Information shown –
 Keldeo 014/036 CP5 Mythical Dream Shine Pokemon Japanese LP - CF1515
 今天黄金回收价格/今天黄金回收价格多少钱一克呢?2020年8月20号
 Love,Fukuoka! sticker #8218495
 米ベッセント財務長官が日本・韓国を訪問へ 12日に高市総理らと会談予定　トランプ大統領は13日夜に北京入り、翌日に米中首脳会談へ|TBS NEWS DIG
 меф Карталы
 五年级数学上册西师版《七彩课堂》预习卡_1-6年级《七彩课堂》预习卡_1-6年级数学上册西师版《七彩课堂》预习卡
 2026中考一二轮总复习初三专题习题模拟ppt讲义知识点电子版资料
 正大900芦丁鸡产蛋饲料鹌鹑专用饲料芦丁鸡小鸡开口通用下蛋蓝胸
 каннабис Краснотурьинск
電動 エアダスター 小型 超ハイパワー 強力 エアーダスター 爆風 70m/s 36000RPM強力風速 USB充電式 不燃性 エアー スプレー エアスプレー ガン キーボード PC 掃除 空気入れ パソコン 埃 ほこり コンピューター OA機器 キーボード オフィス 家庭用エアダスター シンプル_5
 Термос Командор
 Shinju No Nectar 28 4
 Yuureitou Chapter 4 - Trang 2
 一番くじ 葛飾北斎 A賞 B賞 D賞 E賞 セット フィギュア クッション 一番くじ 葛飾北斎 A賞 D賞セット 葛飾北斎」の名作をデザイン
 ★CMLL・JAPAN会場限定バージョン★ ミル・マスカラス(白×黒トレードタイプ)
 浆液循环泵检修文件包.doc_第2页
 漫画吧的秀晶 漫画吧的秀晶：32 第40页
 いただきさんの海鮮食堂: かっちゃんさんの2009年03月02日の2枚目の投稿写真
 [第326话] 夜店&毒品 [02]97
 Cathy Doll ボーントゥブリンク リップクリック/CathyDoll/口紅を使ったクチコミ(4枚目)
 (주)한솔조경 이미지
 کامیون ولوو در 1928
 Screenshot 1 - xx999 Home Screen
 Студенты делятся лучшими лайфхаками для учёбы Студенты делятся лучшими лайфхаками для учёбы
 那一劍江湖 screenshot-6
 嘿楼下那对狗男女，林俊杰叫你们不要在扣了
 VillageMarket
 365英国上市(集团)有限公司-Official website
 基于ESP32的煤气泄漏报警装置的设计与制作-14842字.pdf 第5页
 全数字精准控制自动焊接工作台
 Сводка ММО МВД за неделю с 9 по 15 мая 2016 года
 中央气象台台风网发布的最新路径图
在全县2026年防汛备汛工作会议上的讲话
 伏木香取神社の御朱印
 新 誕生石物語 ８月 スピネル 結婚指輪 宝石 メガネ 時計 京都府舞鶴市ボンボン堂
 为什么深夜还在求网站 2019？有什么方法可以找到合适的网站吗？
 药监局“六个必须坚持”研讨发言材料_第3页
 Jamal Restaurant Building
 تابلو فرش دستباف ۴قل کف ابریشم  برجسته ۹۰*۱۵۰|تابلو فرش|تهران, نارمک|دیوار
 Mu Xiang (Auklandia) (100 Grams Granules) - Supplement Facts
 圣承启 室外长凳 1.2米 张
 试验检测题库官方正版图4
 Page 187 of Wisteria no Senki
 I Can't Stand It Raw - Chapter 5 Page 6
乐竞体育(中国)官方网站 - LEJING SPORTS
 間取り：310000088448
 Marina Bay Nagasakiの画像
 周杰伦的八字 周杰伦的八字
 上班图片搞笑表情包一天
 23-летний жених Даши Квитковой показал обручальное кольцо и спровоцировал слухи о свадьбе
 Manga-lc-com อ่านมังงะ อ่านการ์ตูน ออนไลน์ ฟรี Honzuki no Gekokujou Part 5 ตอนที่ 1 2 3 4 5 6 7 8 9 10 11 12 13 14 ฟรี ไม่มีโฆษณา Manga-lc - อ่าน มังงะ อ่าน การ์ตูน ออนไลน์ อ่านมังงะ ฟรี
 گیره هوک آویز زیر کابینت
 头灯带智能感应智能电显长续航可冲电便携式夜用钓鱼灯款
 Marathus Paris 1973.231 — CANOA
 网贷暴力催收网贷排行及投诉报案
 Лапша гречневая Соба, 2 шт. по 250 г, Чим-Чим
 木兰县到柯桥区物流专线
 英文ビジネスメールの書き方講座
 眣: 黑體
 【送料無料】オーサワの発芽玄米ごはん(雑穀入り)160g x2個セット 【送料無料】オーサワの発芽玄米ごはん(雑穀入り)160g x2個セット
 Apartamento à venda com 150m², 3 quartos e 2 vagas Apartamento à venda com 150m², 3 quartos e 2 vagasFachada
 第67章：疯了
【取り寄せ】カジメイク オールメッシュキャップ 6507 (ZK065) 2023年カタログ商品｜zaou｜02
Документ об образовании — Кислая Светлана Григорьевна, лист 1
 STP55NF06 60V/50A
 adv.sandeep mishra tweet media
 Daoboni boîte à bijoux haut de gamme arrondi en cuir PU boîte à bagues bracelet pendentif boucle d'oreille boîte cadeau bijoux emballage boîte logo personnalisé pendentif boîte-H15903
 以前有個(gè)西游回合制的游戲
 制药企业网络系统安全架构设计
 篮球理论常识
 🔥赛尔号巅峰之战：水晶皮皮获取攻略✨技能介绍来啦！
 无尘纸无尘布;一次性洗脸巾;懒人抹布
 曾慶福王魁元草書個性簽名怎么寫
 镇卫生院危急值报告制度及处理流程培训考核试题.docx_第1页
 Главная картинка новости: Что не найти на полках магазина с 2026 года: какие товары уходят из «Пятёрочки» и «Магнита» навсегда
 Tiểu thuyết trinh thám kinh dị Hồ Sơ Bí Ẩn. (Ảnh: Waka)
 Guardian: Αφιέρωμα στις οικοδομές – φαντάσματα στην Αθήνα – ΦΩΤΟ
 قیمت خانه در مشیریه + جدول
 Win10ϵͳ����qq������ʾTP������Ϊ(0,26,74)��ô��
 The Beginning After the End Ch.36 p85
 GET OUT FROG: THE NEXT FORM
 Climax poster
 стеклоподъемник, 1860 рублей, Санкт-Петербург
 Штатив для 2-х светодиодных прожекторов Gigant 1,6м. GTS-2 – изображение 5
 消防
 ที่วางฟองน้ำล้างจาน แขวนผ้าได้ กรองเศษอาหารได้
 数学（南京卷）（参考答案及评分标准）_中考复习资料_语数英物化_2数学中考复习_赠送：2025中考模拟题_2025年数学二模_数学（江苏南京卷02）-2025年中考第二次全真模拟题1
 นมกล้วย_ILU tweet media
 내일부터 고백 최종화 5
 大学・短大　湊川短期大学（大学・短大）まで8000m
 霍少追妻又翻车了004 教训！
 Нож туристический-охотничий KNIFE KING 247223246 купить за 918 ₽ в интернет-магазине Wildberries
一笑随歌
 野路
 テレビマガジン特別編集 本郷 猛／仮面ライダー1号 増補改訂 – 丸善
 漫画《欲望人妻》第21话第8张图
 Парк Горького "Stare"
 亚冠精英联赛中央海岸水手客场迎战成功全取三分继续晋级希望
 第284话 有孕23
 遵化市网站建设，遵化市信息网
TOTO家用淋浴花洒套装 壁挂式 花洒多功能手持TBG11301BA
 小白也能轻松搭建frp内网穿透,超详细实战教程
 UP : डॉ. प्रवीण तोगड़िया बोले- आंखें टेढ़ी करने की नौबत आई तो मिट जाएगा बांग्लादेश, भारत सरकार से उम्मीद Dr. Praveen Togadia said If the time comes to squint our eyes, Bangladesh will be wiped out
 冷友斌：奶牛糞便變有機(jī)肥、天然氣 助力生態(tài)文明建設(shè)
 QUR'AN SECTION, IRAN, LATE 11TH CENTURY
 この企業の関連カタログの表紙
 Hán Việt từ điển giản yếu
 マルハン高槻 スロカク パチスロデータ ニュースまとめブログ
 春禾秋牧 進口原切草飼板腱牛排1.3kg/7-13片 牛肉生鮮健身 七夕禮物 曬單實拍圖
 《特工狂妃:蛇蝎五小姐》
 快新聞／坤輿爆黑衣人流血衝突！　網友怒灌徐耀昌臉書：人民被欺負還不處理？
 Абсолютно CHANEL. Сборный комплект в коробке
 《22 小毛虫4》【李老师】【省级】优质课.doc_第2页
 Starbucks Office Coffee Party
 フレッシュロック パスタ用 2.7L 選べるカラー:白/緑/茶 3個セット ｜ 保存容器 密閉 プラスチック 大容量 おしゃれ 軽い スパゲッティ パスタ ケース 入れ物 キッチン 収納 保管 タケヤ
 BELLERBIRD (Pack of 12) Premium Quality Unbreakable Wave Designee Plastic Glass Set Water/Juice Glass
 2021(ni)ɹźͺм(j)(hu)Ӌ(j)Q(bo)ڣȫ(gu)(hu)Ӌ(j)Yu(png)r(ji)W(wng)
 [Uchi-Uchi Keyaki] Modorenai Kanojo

Work required –
From the material above, set down exactly the lines starting at the one with "Mu Xiang (Auklandia)" and ending at the one with "adv.sandeep mishra tweet media", end lines included.

Solution for this task –
 Mu Xiang (Auklandia) (100 Grams Granules) - Supplement Facts
 圣承启 室外长凳 1.2米 张
 试验检测题库官方正版图4
 Page 187 of Wisteria no Senki
 I Can't Stand It Raw - Chapter 5 Page 6
乐竞体育(中国)官方网站 - LEJING SPORTS
 間取り：310000088448
 Marina Bay Nagasakiの画像
 周杰伦的八字 周杰伦的八字
 上班图片搞笑表情包一天
 23-летний жених Даши Квитковой показал обручальное кольцо и спровоцировал слухи о свадьбе
 Manga-lc-com อ่านมังงะ อ่านการ์ตูน ออนไลน์ ฟรี Honzuki no Gekokujou Part 5 ตอนที่ 1 2 3 4 5 6 7 8 9 10 11 12 13 14 ฟรี ไม่มีโฆษณา Manga-lc - อ่าน มังงะ อ่าน การ์ตูน ออนไลน์ อ่านมังงะ ฟรี
 گیره هوک آویز زیر کابینت
 头灯带智能感应智能电显长续航可冲电便携式夜用钓鱼灯款
 Marathus Paris 1973.231 — CANOA
 网贷暴力催收网贷排行及投诉报案
 Лапша гречневая Соба, 2 шт. по 250 г, Чим-Чим
 木兰县到柯桥区物流专线
 英文ビジネスメールの書き方講座
 眣: 黑體
 【送料無料】オーサワの発芽玄米ごはん(雑穀入り)160g x2個セット 【送料無料】オーサワの発芽玄米ごはん(雑穀入り)160g x2個セット
 Apartamento à venda com 150m², 3 quartos e 2 vagas Apartamento à venda com 150m², 3 quartos e 2 vagasFachada
 第67章：疯了
【取り寄せ】カジメイク オールメッシュキャップ 6507 (ZK065) 2023年カタログ商品｜zaou｜02
Документ об образовании — Кислая Светлана Григорьевна, лист 1
 STP55NF06 60V/50A
 adv.sandeep mishra tweet media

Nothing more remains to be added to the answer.